[YOUR GOAL]
For the word "Hollywood", state how many lines of the records include it, with no other text.

[Data extracted from a collection]
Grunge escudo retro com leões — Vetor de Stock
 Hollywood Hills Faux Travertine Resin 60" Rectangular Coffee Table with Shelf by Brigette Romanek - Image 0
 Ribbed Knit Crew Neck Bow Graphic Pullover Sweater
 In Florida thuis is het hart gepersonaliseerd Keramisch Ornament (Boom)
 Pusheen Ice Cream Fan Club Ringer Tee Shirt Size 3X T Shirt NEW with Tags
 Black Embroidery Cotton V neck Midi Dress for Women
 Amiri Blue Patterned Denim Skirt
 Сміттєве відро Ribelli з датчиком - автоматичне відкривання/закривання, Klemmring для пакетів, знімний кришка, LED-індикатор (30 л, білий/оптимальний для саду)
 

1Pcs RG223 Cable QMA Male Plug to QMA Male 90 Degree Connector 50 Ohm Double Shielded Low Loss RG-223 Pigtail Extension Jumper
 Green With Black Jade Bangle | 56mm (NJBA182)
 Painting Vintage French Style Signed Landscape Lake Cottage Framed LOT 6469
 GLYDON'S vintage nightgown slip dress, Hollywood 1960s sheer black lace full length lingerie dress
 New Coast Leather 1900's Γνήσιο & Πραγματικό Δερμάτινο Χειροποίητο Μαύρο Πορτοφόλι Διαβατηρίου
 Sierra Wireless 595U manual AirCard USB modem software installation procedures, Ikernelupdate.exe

[EXERCISE ANSWER]
2